La chambre funéraire ne fut officiellement ouverte que le 17 février de l’année suivante. Les Emerson ne sont pas mentionnés dans la liste des personnalités invitées à cette occasion. En avril, lord Carnarvon mourrait d’une piqure de moustique négligée qui s’était infectée. Sa mort réveilla la légende de la malédiction des pharaons, en dépit du fait que sa santé était mauvaise depuis longtemps. Quelques personnes sensées soulignèrent que la soi-disant malédiction inscrite sur la tombe de Toutankhamon était une invention journalistique et que la plupart des gens qui avaient directement travaillé dans la tombe— y compris Carter lui-même— vécurent jusqu’à un âge avancé. Mais comme Mrs Emerson le dit souvent, le bon sens ne sied pas aux superstitieux. A l’évidence, elle réussit à ne pas ébruiter la malédiction qu’Emerson avait jetée à Carnarvon mais il aurait été intéressant d’apprendre comment le Maître des Imprécations réagit au décès de Carnarvon. C’était un homme sensé, aussi espérons seulement qu’il n’avait pas pris l’affaire trop à cœur.

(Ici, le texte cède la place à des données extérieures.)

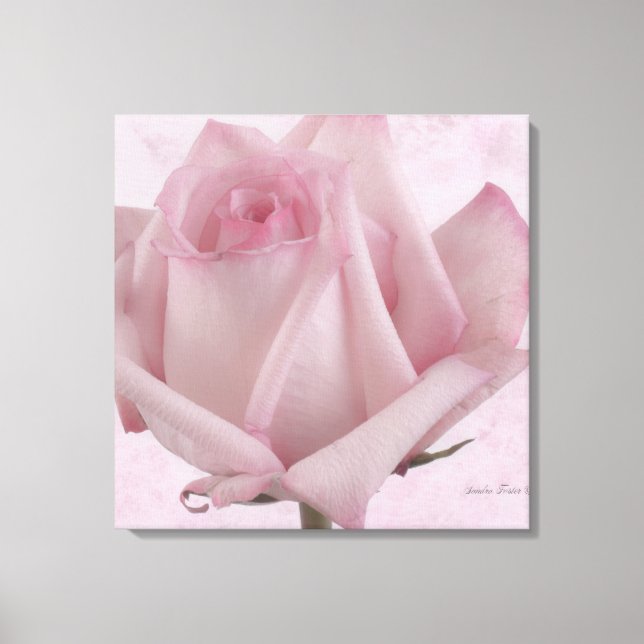 Rosa-Blume Leinwanddruck (Vorderseite)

Il fallut huit ans à Carter pour terminer de dégager la tombe de Toutankhamon. Seul le sarcophage, le tout dernier cercueil et la momie du roi restèrent en place, où ils sont encore toujours. Ces années furent difficiles pour Carter. Bon nombres de gens fustigèrent son comportement autocratique et son manque de tact, qui créa de violentes confrontations avec les autorités égyptiennes. Carter futmême à un moment renvoyé du chantier, mais il finit par obtenir l’autorisation de le terminer. Le résultat final fut catastrophique pour les autres expéditions étrangères qui avaient travaillé sur le site. Les règles de partage se durcirent et le contenu entier de la tombe revint au musée du Caire.

On peut malgré tout accorder à Carter qu’il mena à bien une tâche difficile, encore compliquée par de nombreuses demandes de toutes parts. Même Emerson finit par admettre que peu d’excavateurs auraient pu faire m ieux.